Nothing is more frustrating than needing to be and feel awake and alert, but you just can’t for whatever reason. Although life is usually very busy for those who have regular 9 to 5 jobs and families to run, it’s quite different for people whose jobs have them covering odd shifts or traversing the country through different time zones and long journeys (ahem business travelers).
I admire the people who can continue to live “like that”—working when most of the world is sleeping or working mostly from the road or an airport. It’s very difficult not only to sleep well (and regularly), but also to eat well and find a routine that jibes with your family life, too.
And there are more people who fall under this category than you might think: According to U.S. labor statistics, about 20 percent of the workforce or about 19.7 million U.S. workers are early risers who begin work between 2:30 a.m. and 7 a.m.m.
That kind of timing can throw any body rhythm out of whack—a rhythm that’s essential to feeling sleepy or awake at the right time. Let’s not forget about others like traveling athletic teams, tourists, and experts in their field who are called to speak, consult, and interview across the country. Back when I was rigorously promoting my book, my schedule fit the bill! I’m thankful I don’t have to do that 365 days a year, so I’m sympathetic to those who do.
Which is why I was happy to read about a new study this week that offers hope for the lagging jet-setters and people dedicated to irregular job hours. Turns out that an insomnia drug that helps the body produce more melatonin, the sleep hormone that starts pumping when night falls to signal your body that it’s time to go to sleep, may improve Zs for jet-lagged travelers and shift workers. The drug is called tasimelteon, or VEC-162, and it’s just been shown to help people sleep longer and more deeply than a placebo.
So why not just take melatonin as a supplement instead? Given the availability of this supplement today, you’d presume it’s safe and effective.

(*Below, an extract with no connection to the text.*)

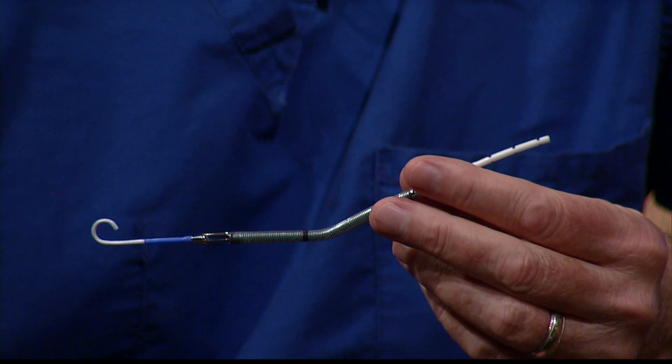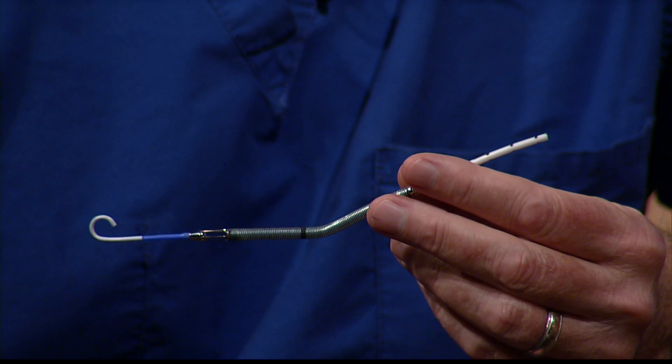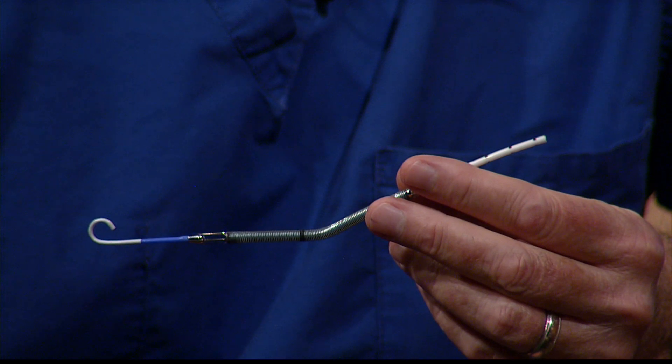Amazingly, we have catheter techniques now where we can place a catheter — a catheter this size — within the heart, and it flows blood. It can flow blood about four liters per minute, or about one gallon per minute, which is nearly normal. It's called an Impella, and it takes blood from the left ventricle, decompresses the left ventricle, and gives blood to the circulation.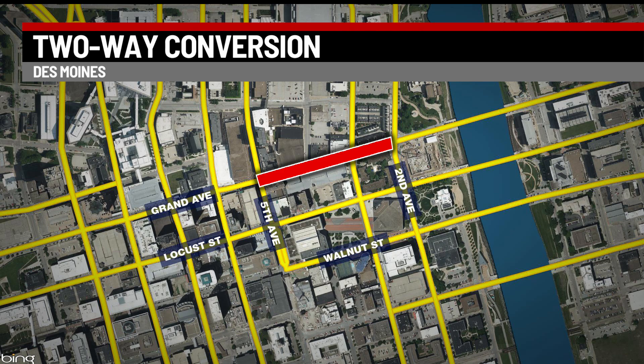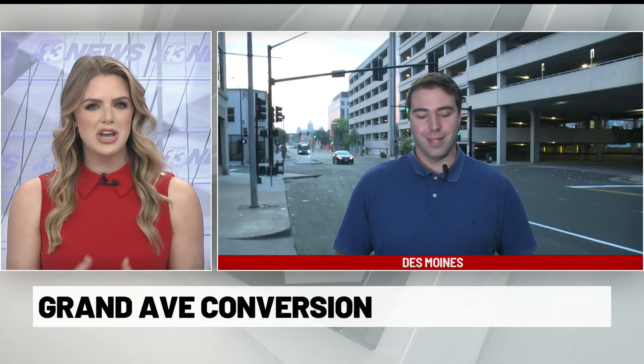It might not be the only stretch to change. The city of Des Moines is conducting a study into the best way to convert Grand Avenue and Locust Street into two-way roads, and they want the public's input as well. Reporter Griffin Wright joins us with a look at the challenges the city faces when doing this.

It’s true that melatonin is a hormone your body produces to help it regulate your sleep-wake cycles, but taking additional melatonin in the form of a supplement can be difficult. It’s not a regulated drug under the FDA, so without knowing your source, it could be trouble.
Having to take a drug at all to maximize sleep quality isn’t ideal, but in many cases it’s better than the alternative. If only the entire world could keep operating if everyone slept at night and work and played during the day. Maybe the cavemen—who didn’t live in a global 24/7 society—really did have it better.